Dutilleux started composing at age 13, and studied harmony and counterpoint at the Paris Conservatoire. His cantata, L’anneau du roi won the Prix de Rome in 1938, but the outbreak of World War II terminated the Rome residency. For five years he survived by teaching, playing the piano and arranging night-club music, before joining the French Radio in 1943. Two years later became Head of Music Production, a post he held until 1963. He taught and filled many composer residency positions as his fame and recognition grew.

Dutilleux’s style is an extension of the refined impressionistic textures of Debussy and Ravel, an alternative to the directions into which Pierre Boulez and Olivier Messiaen took French music. Bartok and Stravinsky, of course, influenced his music, but, though atonal, serialism never was his mantra. “What I reject is the dogma and the authoritarianism which manifested themselves in that [serial] period,” he said. His relatively small body of music is due to his work load at the French Radio, and his teaching activities. He also extensively revises his works before they are deemed ready for performance.

This is the first recording of his 2003 work for soprano and voice, Correspondences, originally written for Dawn Upshaw and the Berlin Philharmonic under Simon Rattle. The title refers to Baudelaire’s poem by the same name, when one stimulus produces a secondary response (synaesthesia). Here Dutilleux uses letters between famous people that produces a response in the recipient (and perhaps in the composer).  In one letter, “Dear Galochka and Slava,” Solzhenitsyn thanks Mstislav and Galina Rostropovich for their support during the “horrors in the labor camps ten years before.” Here the strings dramatically express the violence and suffering endured and tenderly conveys the gratitude Solzhenitsyn feels. It’s a sensitive, lyrically expressive and moving work, which Barbara Hannigan sings superbly.

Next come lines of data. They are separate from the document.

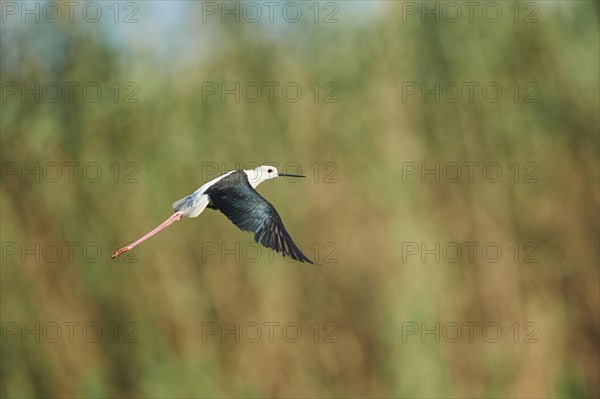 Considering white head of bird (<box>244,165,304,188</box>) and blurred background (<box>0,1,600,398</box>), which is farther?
blurred background (<box>0,1,600,398</box>)

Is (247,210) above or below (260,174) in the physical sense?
below

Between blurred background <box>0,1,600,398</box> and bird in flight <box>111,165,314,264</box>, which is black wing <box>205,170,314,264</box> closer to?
bird in flight <box>111,165,314,264</box>

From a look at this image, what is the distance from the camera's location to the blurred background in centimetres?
578

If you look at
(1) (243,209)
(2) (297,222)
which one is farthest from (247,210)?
(2) (297,222)

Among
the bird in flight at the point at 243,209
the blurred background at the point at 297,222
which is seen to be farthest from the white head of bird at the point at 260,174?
the blurred background at the point at 297,222

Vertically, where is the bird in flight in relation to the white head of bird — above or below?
below

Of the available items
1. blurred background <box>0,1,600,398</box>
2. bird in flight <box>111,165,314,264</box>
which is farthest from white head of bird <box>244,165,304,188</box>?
blurred background <box>0,1,600,398</box>

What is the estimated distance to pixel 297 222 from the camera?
588cm

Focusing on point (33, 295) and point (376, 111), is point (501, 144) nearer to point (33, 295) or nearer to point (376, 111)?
point (376, 111)

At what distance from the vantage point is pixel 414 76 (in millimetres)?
6059

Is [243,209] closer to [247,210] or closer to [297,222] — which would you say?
[247,210]

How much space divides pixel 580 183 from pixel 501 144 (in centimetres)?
44

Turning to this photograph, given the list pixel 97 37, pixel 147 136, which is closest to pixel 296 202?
pixel 147 136

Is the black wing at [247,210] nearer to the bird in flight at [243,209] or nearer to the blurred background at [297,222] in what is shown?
the bird in flight at [243,209]
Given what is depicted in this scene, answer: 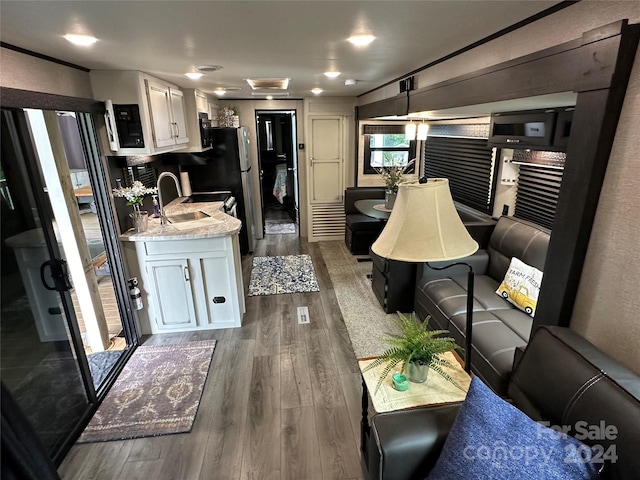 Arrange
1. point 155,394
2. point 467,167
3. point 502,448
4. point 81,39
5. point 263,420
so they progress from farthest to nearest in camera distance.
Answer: point 467,167 → point 155,394 → point 263,420 → point 81,39 → point 502,448

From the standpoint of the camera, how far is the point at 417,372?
1.70m

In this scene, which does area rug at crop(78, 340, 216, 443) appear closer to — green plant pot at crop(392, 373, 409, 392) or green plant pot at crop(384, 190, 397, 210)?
green plant pot at crop(392, 373, 409, 392)

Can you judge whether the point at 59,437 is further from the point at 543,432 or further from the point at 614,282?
the point at 614,282

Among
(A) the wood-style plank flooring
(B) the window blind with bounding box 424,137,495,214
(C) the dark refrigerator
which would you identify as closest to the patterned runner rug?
(C) the dark refrigerator

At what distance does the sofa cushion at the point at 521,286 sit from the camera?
2.51 metres

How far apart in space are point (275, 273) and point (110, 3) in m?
3.59

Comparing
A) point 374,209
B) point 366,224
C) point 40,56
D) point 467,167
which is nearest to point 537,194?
point 467,167

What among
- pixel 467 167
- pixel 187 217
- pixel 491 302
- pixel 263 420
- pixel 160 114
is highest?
pixel 160 114

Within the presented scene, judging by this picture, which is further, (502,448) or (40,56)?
(40,56)

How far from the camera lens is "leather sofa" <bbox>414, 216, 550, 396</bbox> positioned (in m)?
2.14

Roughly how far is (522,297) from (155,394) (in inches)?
112

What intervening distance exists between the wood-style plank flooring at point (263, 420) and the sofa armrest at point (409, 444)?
633mm

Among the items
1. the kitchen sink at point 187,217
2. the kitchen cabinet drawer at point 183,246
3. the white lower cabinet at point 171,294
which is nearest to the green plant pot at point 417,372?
the kitchen cabinet drawer at point 183,246

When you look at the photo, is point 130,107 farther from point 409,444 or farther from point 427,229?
point 409,444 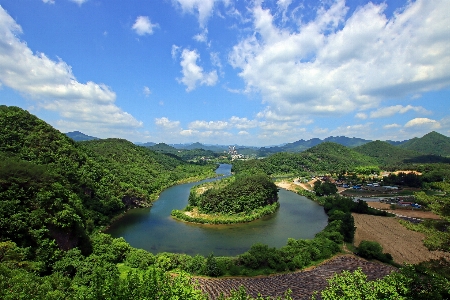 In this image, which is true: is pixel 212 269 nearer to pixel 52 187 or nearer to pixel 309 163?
pixel 52 187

Rostropovich commissioned Dutilleux’s Cello Concerto “Tout un Monde Lointain…” (Whole Distant World) in 1970. Each of its five sections have a description attached, taken from epigraphs of Baudelaire. “Enigma” is a theme and variations that begins mysteriously and builds to a slow sacrificial dance. “Gaze” induces the listener under a spell of ghostly and amorphously beautiful music. “Sea Swells” is a swirling and animated dialogue between the cello and orchestra – especially winds and percussion.  “Mirrors” shimmers and glistens – the cello weaves plaintive melodies punctuated by percussion and pensively reflective violins. “Hymn” is rhythmically robust, summarizing the work as it trails into the mist.  Clearly, this is one of the most important cello concertos of the twentieth century and Anssi Karttunen is an excellent soloist.

The Shadows of Time (1997), commissioned by the Boston Symphony Orchestra, was inspired by the 50th anniversary of the Liberation of Paris at the end of World War II. Dutilleux refers to the work’s five sections as ‘allusions to timeless images of distant events whose intensity, in spite of the imprint of time, has never ceased to haunt me.’ In Hours, the rhythmically steady ticking of a clock represents the inexorable passage of time. In the scherzo, Evil Ariel, swirling strings and darting brass portray the evil spirit in Milton’s Paradise Lost. The emotional center of the work, Memory of Shadows, is dedicated to Anne Frank. Salonen chooses three boy voices to implore over and over, “Why us? Why the star?” A calm interlude leads to a luminously colored Waves of Light. A bluesy and sadly nostalgic Blue Dominant ends the work, with a slowly ticking clock fading away. As in many of his works, (Symphony No. 1 and 2 and the Cello Concerto,) Dutilleux likes to end his works quietly, and it’s quite effective in punctuating the subtlety of his oeuvre.

Esa-pekka Salonen and the Orchestre Philharmonique de Radio France deliver superb performances. This disc is an excellent introduction to one of the under-appreciated composers of the Twentieth Century.